Тяжелая сцена, не хочется продолжать ее. Трудно, почти невозможно растолковать ее нынешнему читателю. Владимир Лакшин попытался это сделать, в его статье есть ссылка на Бориса Пастернака. В 1935 году, приехав на конгресс в Париж, Борис Пастернак не захотел увидеться со стариками-родителями, которые из Лондона специально приехали в Париж увидеть сына.

«Иное поведение, — пишет Лакшин, — было бы самоубийственным, и не нам теперь… судить, как должны были они поступить».

А. Т. Твардовский судил себя сам, без снисхождения. Так что не к чему его защищать.

Поначалу, прочитав воспоминания брата, я был смущен и огорчен, но возникло и другое чувство, история эта сделала Твардовского ближе. Открылся человек, что испытал те же страхи и слабости, что и мы, грешные. Он тоже не избежал их с той разницей, что страдания вырастили его совесть и эта совесть породила бесстрашие его раскаяния, которое он не прятал. Образ Твардовского тем и велик, что он искупил грехи поколения, колеса истории не переломили его, страх не поселился в нем навсегда, как во многих из нас. А ведь сталинский страх прочно откладывался в душах. Я из другого поколения, но ведь и мои страхи засели во мне надолго, некоторые навсегда.

Страх, пережитый совестливой натурой, сублимируется в стыд, и он долго терзает человека. Старая поговорка гласит: «Страшно в лесу — стыдно дома». Ныне похоже, что мы дома, и пришел стыд. Мужество Александра Твардовского в той неравной борьбе, какую он вел с режимом Хрущева, затем Брежнева, питалось и этим стыдом, хотя до «дома» было далеко.

Уроки советской жизни учили одних слабости, других силе.

Мы ехали в Японию. То были семидесятые годы, очередной зажим, процессы над диссидентами, угрозы. Переводчица, милая женщина, уже в возрасте, по дороге, в самолете, предупредила меня: «Имейте в виду, со мной надо быть осторожнее, если меня станут допрашивать и при этом бить, я все могу выложить, я боли не выдерживаю, со мною это уже было».

Когда-то, на допросах, она убедилась в своей слабости и теперь не устыдилась предупредить меня.

1937 год породил массовый страх, который искажал характер народа. Пассивно подчинялись судьбе. Родные, знакомые репрессированных робко просили за своих. Не решались настаивать. Не требовали освобождения, старались выяснить, в чем обвиняют их близких, как будто это имело какое-то значение.

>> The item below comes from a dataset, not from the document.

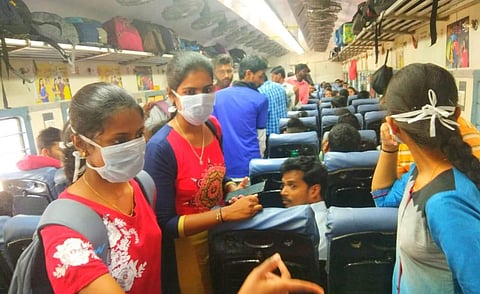 Passengers inside Bangalore Janma Shatabdi Express at Hubballi railway station. (D Hemanth, EPS)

В трепетном страхе добивались — «за что» взяли, надеясь, что это «за то» очертит круг недозволенного.

«Чур меня». У древних славян «Чур» был властителем над чертями. Его всегда как сберегателя призывали в крайней опасности и старались заручаться. «Чур меня», — шептали по ночам, прислушиваясь к шуму подъехавшей машины, к стуку сапог по лестнице — куда идут, может, минуют, куда звонят, слава Богу, — к соседям.